• The Advantages and Enforceability of Forum Selection Clauses
  • May 8, 2013 | Author: Nicole Necklas Soraruf
  • Law Firm: Lerch, Early & Brewer, Chartered - Bethesda Office
  • Loan documents not only document a loan to a borrower but also govern what will happen if that borrower defaults and the lender must sue the borrower. Several aspects of such a lawsuit can and should be addressed in the loan documents. One of the important provisions is the forum selection clause.

    By including a forum selection clause in loan documents, the lender and borrower agree in advance the state (and even county) in which either can bring a lawsuit. A forum selection clause is important to the lender for many reasons. It brings certainty as to where the lawsuit will be brought. It helps reduce the costs of litigation because it reduces a borrower’s ability to contest a court’s venue or jurisdiction. Also, a lender may want a particular court because it previously has interpreted the lender’s loan documents or it is a convenient location.
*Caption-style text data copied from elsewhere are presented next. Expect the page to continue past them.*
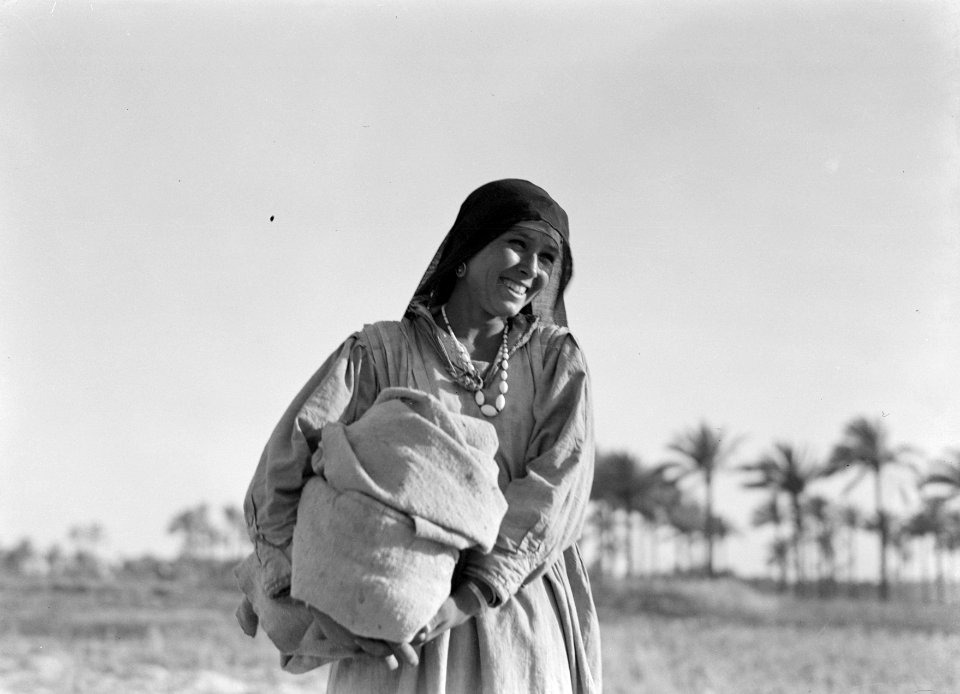 Jonge vrouw, Bestanddeelnr 191-0084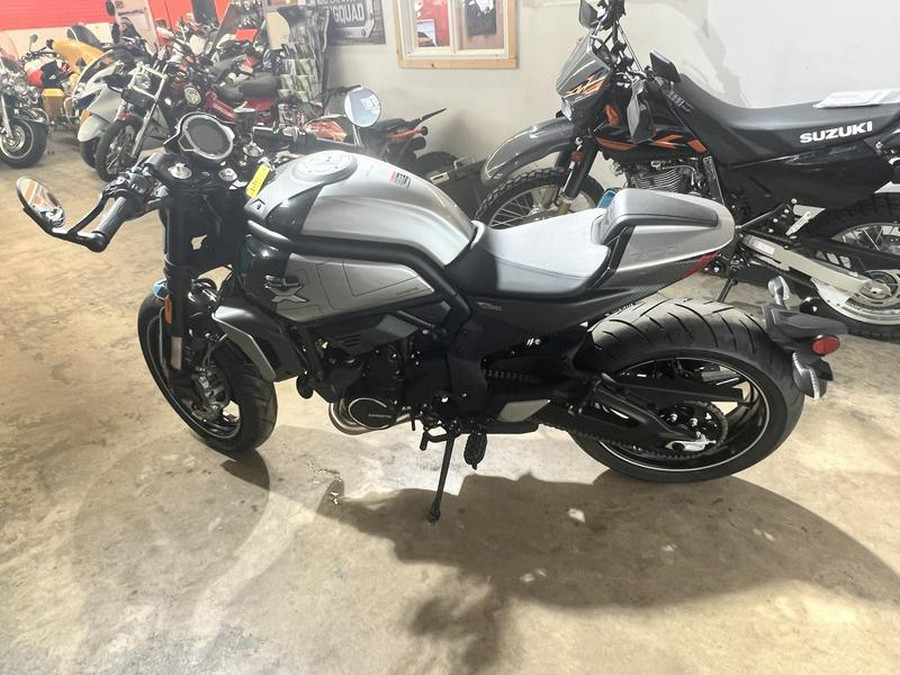 2022 CFMoto 700CL-X Sport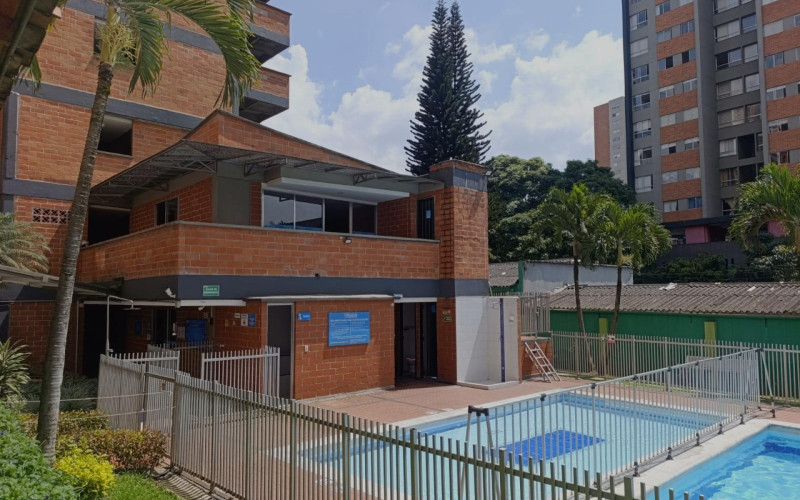 Apartamento en Medellín en Los Colores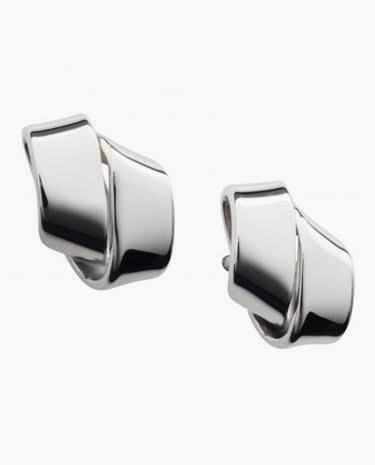 EA18112 LOVE KNOT S/S EARRINGS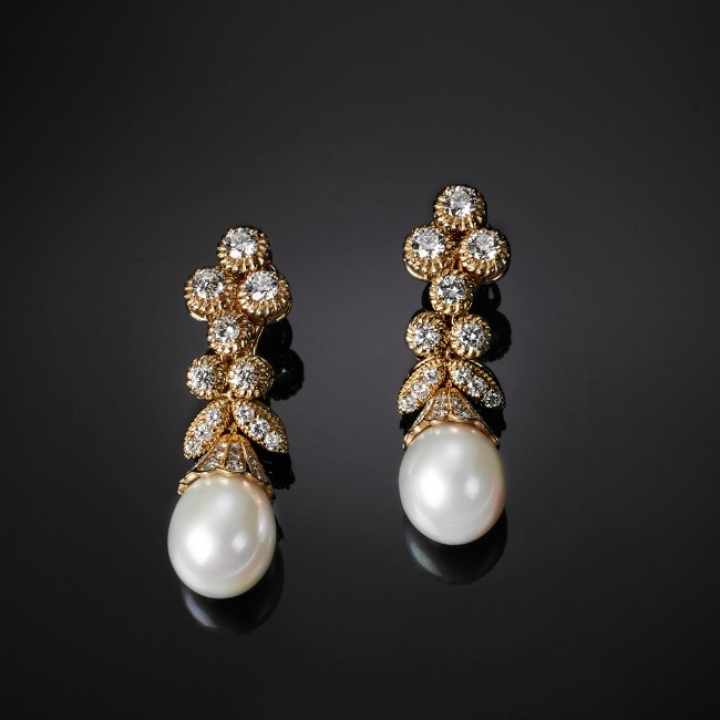 Sale Gold, Diamonds and Precious Stones Earrings in Italy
In any event, the forum selection clause, along with the choice of law provision and jury waive,r is a tool available to the lender to help facilitate and plan for a lawsuit against a defaulting borrower.

    Although the validity of a forum selection clause in loan documents or contracts between parties has been challenged, courts generally have held that such clauses are enforceable unless such a selection would be unreasonable. A recent Georgia case illustrates how courts today view the forum selection clause.

    In Park Ave. Bank v. Steamboat City Development Company, L.P., a Georgia appellate court reversed a trial court’s decision and upheld a forum selection clause in loan documents. In October 2007, The Park Avenue Bank loaned Steamboat City Development Company, L.P. $6.57 million. In connection with the loan, Steamboat, the bank, and the guarantors entered into a loan agreement that contained a forum selection clause.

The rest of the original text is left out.